Logo após a vitória de Jair Bolsonaro, uma deputada estadual eleita pelo PSL em Santa Catarina, Ana Caroline Campagnolo, começou uma campanha para que alunos denunciem professores. Prometendo anonimato, ela pede que vídeos e informações de docentes que fizerem “queixas político-partidárias em virtude da vitória do presidente Bolsonaro” sejam repassados para o seu número de celular com o nome do docente, da escola e da cidade.
A Secretaria de Educação de Santa Catarina, por meio de nota, informou que uma lei estadual proíbe o uso de telefone celular nas salas de aula das escolas públicas e privadas do estado.
“Ainda atenta ao que prevê a legislação, a Constituição Federal de 1988 assegura a liberdade de ensino e aprendizagem, e em seu artigo 206 destaca que o ensino será ministrado com base nos seguintes princípios: liberdade de aprender, ensinar, pesquisar e divulgar o pensamento, a arte e o saber; e o pluralismo de idéias e de concepções pedagógicas. A Lei de Diretrizes e Bases da Educação, em seu artigo terceiro, reafirma as liberdades já garantidas pela Constituição”, completou.
Historiadora, Campagnolo processou a professora Marlene de Fáveri, da Universidade do Estado de Santa Catarina (Udesc) e sua ex-orientadora no mestrado, em 2016, por suposta “perseguição ideológica”. O caso, que marcou as discussões acerca do movimento Escola Sem Partido, foi julgado improcedente em setembro deste ano pelo 1° Juizado Especial Cível de Chapecó (SC), mas a deputada estadual eleita recorreu.
Na publicação deste domingo, Campagnolo diz que “professores e doutrinadores estarão inconformados e revoltados”. “Muitos deles não conterão sua ira e farão da sala de aula um auditório cativo para suas queixas político-partidárias em virtude da vitória de Bolsonaro. Filme ou grave todas as manifestações político-partidárias ou ideológica”, diz a mensagem.
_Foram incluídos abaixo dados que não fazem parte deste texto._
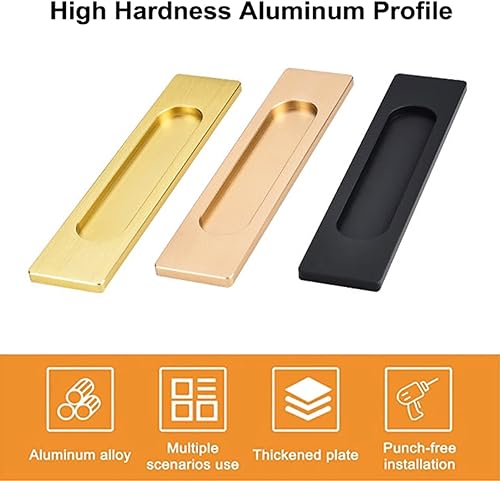 Miniatura 3 de MOROBOR Tiradores rectangulares autoadhesivos, 2 piezas de aleación de aluminio dorado cepillado, sin perforaciones, para puertas corredizas de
Na legenda, ela afirma ainda que “professores éticos e competentes não precisam se preocupar”. E faz uma ponderação para que vídeos de outros estados não sejam mais enviados. “Não temos como administrar tantos conteúdos. Alunos que sentirem seu direitos violados podem usar gravadores ou câmeras para registrar os fatos”, orienta.
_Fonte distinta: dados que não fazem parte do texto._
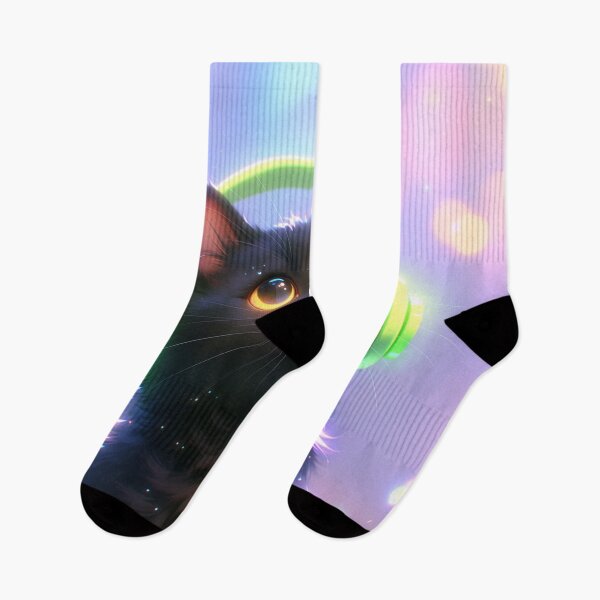 Item preview, black cat wearing neon headphones designed and sold by dcrc.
Nos comentários da publicação, Campagnolo sugere que os estudantes “deixem o celular em casa e levem gravador e filmadora”, em resposta a um internauta que questionou se celulares não seriam proibidos em sala de aula. Em outra resposta, reforçou que “é só se comportar direitinho que não precisa ter medo”. Ela também afirmou que as imagens enviadas para o seu celular não serão divulgadas, e sim utilizadas para uma “investigação” e para que sejam verificadas as “medidas cabíveis em cada caso”.
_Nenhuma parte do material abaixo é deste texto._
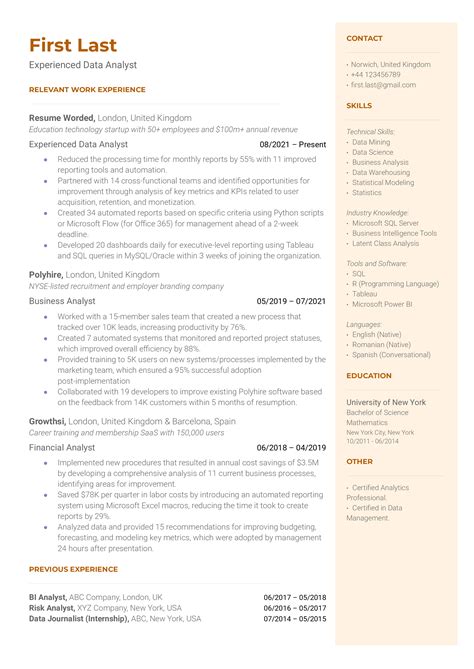 Experienced Data Analyst Resume Examples for 2024 | Resume Worded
A aprovação do projeto Escola Sem Partido no Congresso é uma das principais bandeiras de Bolsonaro. O movimento, por sua vez, já foi contestado pela Advocacia-Geral da União (AGU), Ministério Público Federal (MPF) e associação de professores.
Repercussão
Um abaixo-assinado pedindo a impugnação de Ana Caroline Campagnolo foi criado por professores na internet e tinha, até as 16h15 desta segunda-feira, mais de 83.000 assinaturas. “Nós professores entendemos que a referida Ana Caroline está incitando ao ódio ao afirmar inverdades, provocando um ambiente escolar insalubre, visto que nas atribuições em sala de aula, os professores, sobretudo os da área de humanas (alvo das críticas da referida), não fazem doutrinação ao ensinarem seus conteúdos, mas os apresentam e promovem debates com a total lisura, respeitando o livre pensamento dos alunos e da comunidade educacional em geral”, diz o abaixo-assinado.
O Sinte (Sindicato dos Trabalhadores em Educação), regional da cidade de São José, repudiou a prática da deputada eleita por meio de nota oficial. “Tal postagem incita a coação dos professores em sala de aula e promove o desrespeito aos educadores, comprometendo a didática pedagógica profissional”, diz a nota. “Por ser uma futura legisladora, que deve cumprir com sua obrigações constitucionais, ela não pode promover o descumprimento das leis. Nesse sentindo solicitamos ao MP que tome as providências cabíveis”, conclui.